Dedicated to Kellie Jones, the author’s daughter, who was born on May 16, 1959, Amiri Baraka’s “Preface to a Twenty Volume Suicide Note” suggests a turning point in the poet’s relationship to American society in the late 1950’s. Written from a first-person perspective, the poem, likely a reflection of the poet’s own concerns and personal experience, is autobiographical in tone, though the point of view could be that of a fictive voice struggling with the same issues.
Then known as LeRoi Jones, Baraka is one with the persona of the poem. In a confessional tone, he meditates upon his own existence and renders a number of observations associated with apparently daily actions of domestic life. The poet first describes becoming “accustomed to the way/ The ground opens up and envelopes” him as he is engaged in such a mundane activity as walking his dog. Immediately, there is a mood of repetition, the recurrence of daily chores or duties, but these actions are linked to more complex psychological states—the sensation of the “ground” opening up—and are beyond expected expressions of boredom connected to numbing repetition.

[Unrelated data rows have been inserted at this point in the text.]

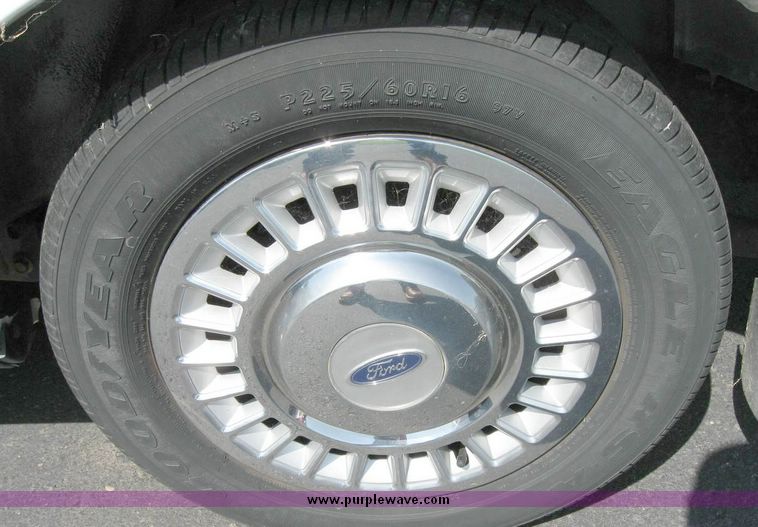 image for item 8177 2000 Ford Crown Victoria Police Interceptor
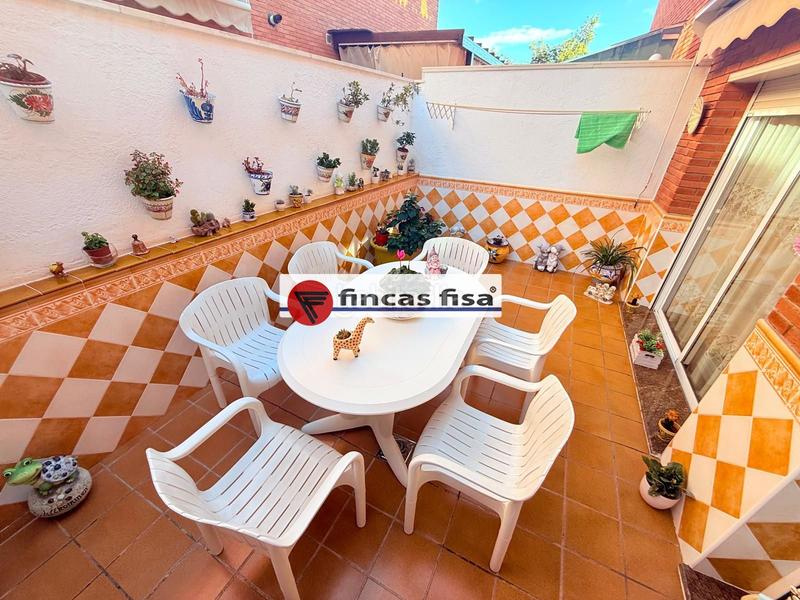 Foto a57b0a21-f0d9-4980-9dfc-d69a990225f2. Casa adosada en Premià de Dalt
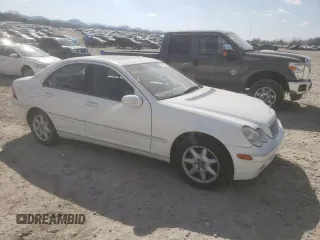 2001 Mercedes-Benz C 230/260/280/320 z VIN WDBRF61J61F037776, wystawiony jako Copart lot #43288745 z przebiegiem 224 041 mil mil oraz Szkoda całkowita • Salvage title. Historia ofert i sprzedaży dostępna na DreamBid. Obrazek 4.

Certain ruminations occur at night, and the poem implies a spiritual awareness of personal vacancy associated with the thought processes set free by recognizing one’s place in the cosmos. The “I” voice also observes the “broad edged silly music” of the “wind,” which is linked to racing to catch a bus. These two activities, the walking of the dog and the catching of the bus, imply a routinized lifestyle, one which causes associations that are psychologically ironic and not necessarily linked to the actions described. The attempt to catch the bus also suggests lateness and an inability to keep pace with expected routine or with the times.
The line “Things have come to that” adds to the tension caused by a disassociation from the commonplace. The poet tells of a nightly activity, “I count the stars,” and his arriving at the “the same number”; the practice is complicated by the admission that there are also occasions when the stars “will not come to be counted,” at which time he records “the holes they leave.” Though the third stanza is unified around the counting of stars, the line that follows it, a single-line stanza, suggests a complaint against the times, “Nobody sings anymore.”
The final confession recounts “last night” and the poet’s silent walk “up to” his “daughter’s room,” where he hears her speaking behind the closed door of her bedroom only to discover when he opens the door that she has been praying in “Her own clasped hands.”
Written in a conversational style, the poem is structured in six stanzas, and there is minimal separation between the voice of the poet and the persona of the poem. The perspective is that of a psychologically complex individual, whose race, class, and occupation are unannounced. The poet has reached a juncture at which the usual activities of life are charged with deeper meaning and the need for self-assessment. Of the three longer stanzas—those of more than one line—the first and fifth are of five lines each, and the third is four lines long. These longer stanzas are each followed by a single-line stanza, which serves as a kind of response, an answer or summation, to the stanza preceding it. The line “Things have come to that” sums up the comments in the first stanza, which alludes to the walking of the dog and the running for the bus, and “Nobody sings anymore” is an oblique summary to the activity of star...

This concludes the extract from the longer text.